May-June 2002

Salvadoran University Struggles Against the Odds


Professors at Oscar Romero University in the poor, rural Chalatenango province of El Salvador face enormous challenges in educating their students. Many of the students are former combatants from both sides of the violent civil war that raged across El Salvador throughout the 1980s, often pitting neighbor against neighbor. During the war, the quality of elementary and secondary education suffered, so students at the university, which has a liberal admissions policy, often have educational deficits to overcome. To make matters worse, El Salvador’s economy is in recession, and the country has not yet recovered from the effects of a devastating 2001 earthquake.

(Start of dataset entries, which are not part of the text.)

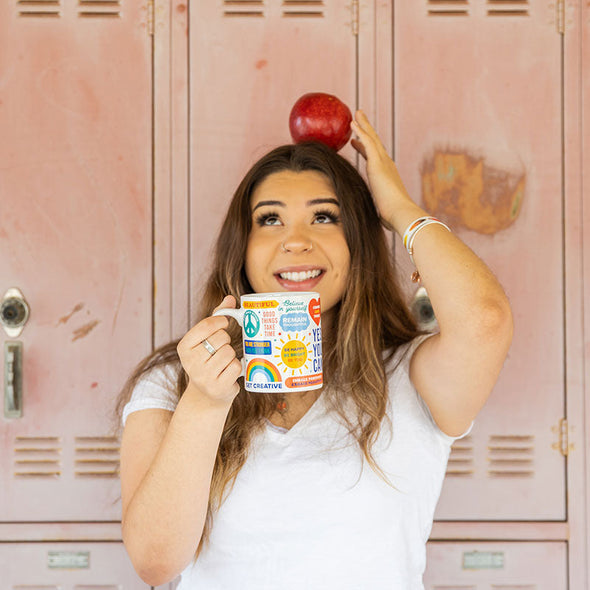 young woman with an apple on her head, holding a coffee mug full of positive sayings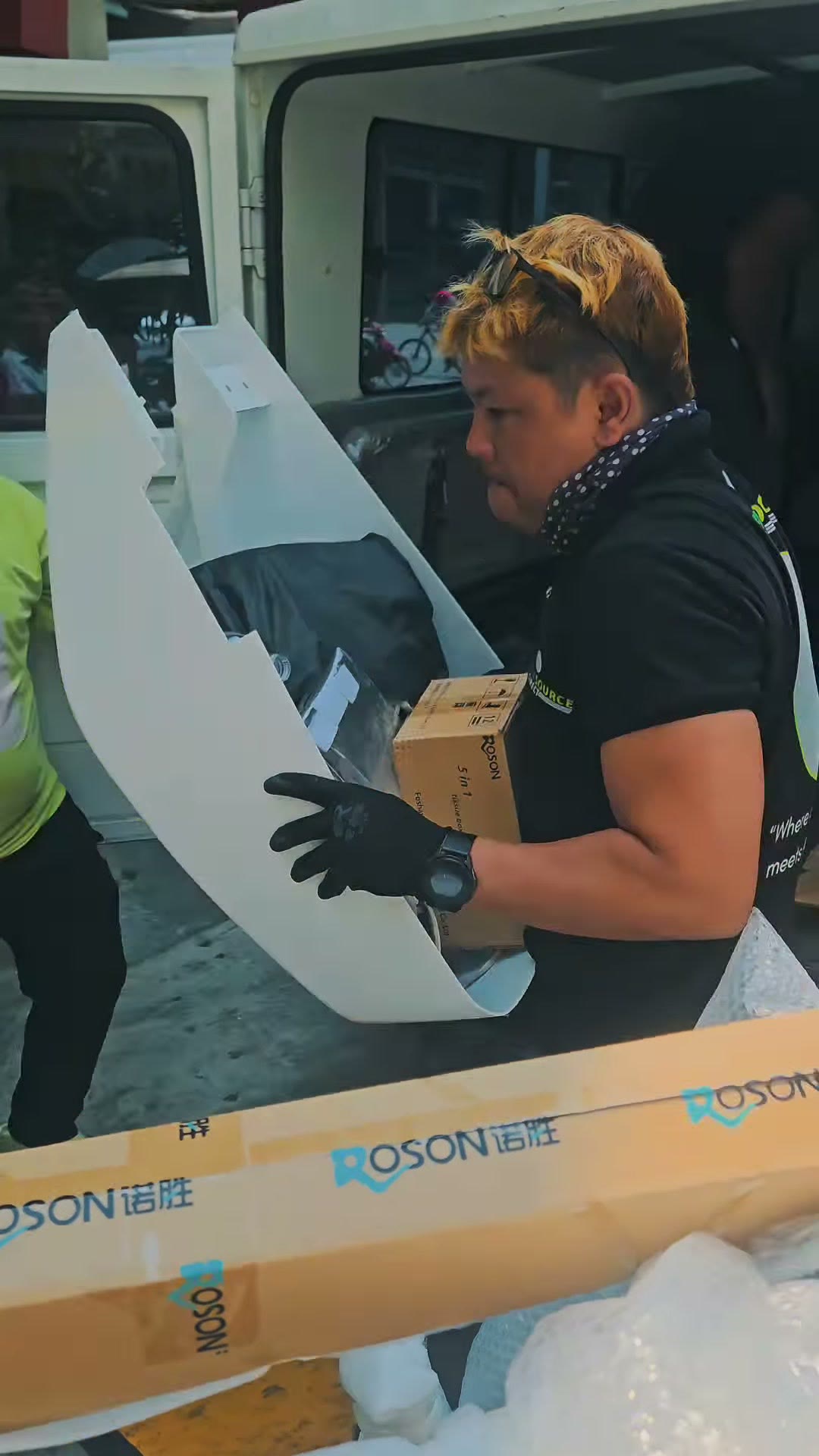 Carrying a panel and a box up to the clinic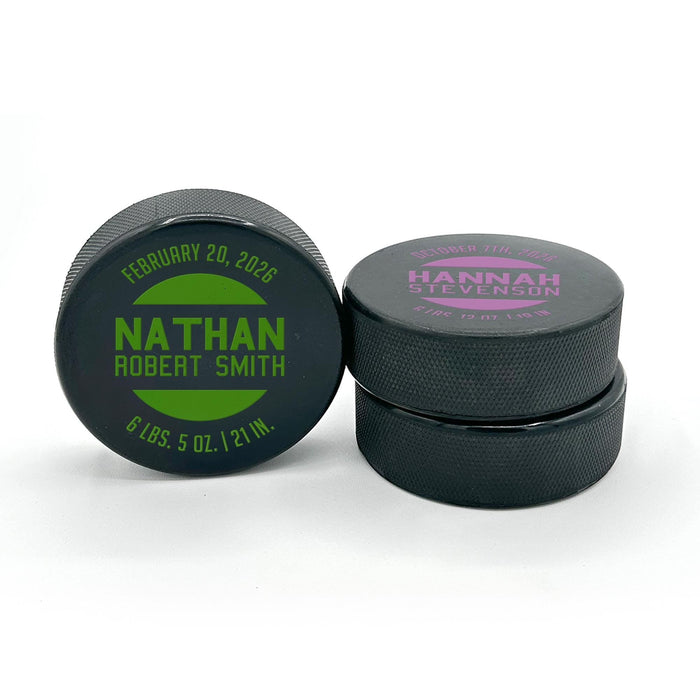 Two personalized hockey pucks showing the UV printed baby birth announcement design in green and pink color options.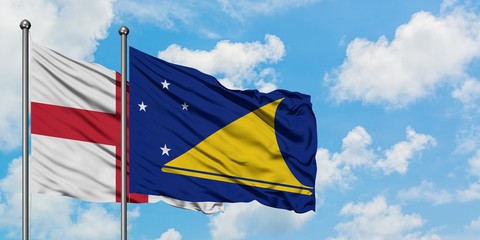 England and Tokelau flag waving in the wind against white cloudy blue sky together. Diplomacy concept, international relations.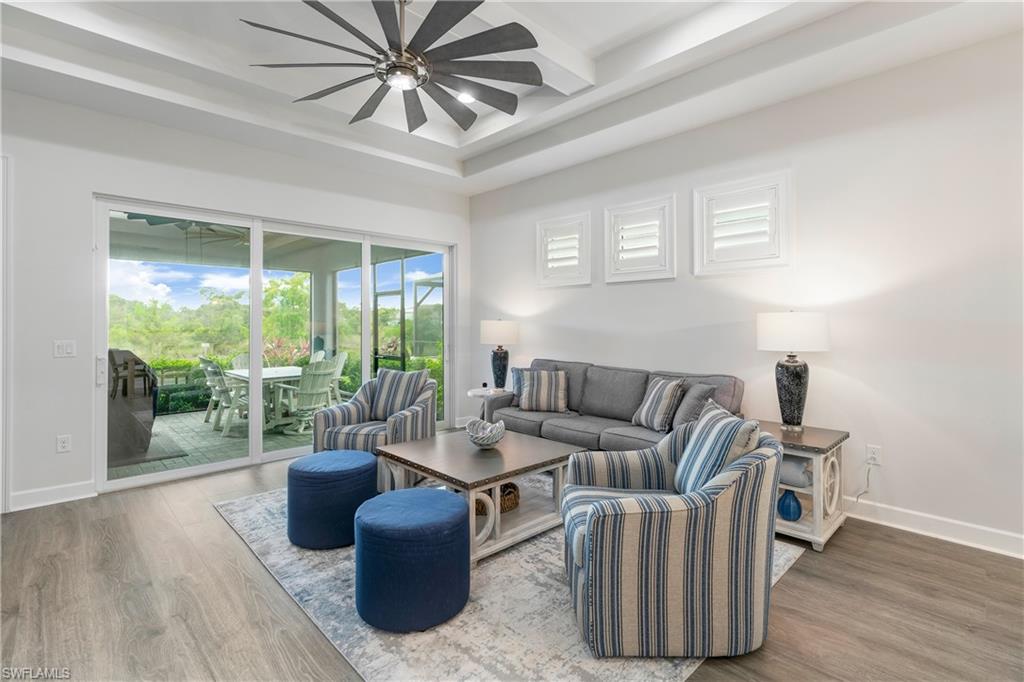 6847 Saona Court Naples, FL 34113 - Photo 8 of 47 a living room with furniture and a large window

Professors are paid "abysmally" in El Salvador, typically earning about $400 a month, according to Barbara Acosta, one of the founders of Oscar Romero University. Most professors at the university work part time, and many commute from the capital city of San Salvador, about an hour and a half away, where they hold other teaching positions. As a private institution, the university receives no government funding and operates mostly on income from tuition, a difficult proposition given the poverty of the student population. Tuition is about $40 a month, yet many students have trouble coming up with that amount in a country where half the population lives in poverty.

Despite these barriers, the university is growing steadily. It rose in 1994 literally out of the ashes of the war—one of the first tasks undertaken by the founders was clearing munitions shells from the farm property that would become the university’s campus—and now has four buildings and almost six hundred students. About sixty people have graduated from the institution, which offers two- and four-year programs in agronomy, agricultural engineering, law, education, and computer science. The institution’s mission is twofold: to offer educational opportunity to students traditionally excluded from higher education, and to help rebuild the poor, rural, and war-torn province of Chalatenango by producing graduates with the education and skills necessary to contribute to the local economy.

Remaining independent in the face of the strong ideological agendas in the region has been a challenge for the university, says Acosta. "A university by definition needs to be universal in its ideological approach and not become controlled by any political faction," she says.

Accreditation is the next challenge for the university. El Salvador’s system of higher education has changed rapidly in the last two decades. The closure of the country’s only public university for four years during the war and a widespread interest in rebuilding education after peace accords were signed in 1992 led to a proliferation of private colleges and universities, ranging from full-service academic institutions to storefront operations offering little of substance. With help from a team of researchers from Harvard University’s Institute for International Development, the country recently adopted both minimum required standards and optional accreditation standards.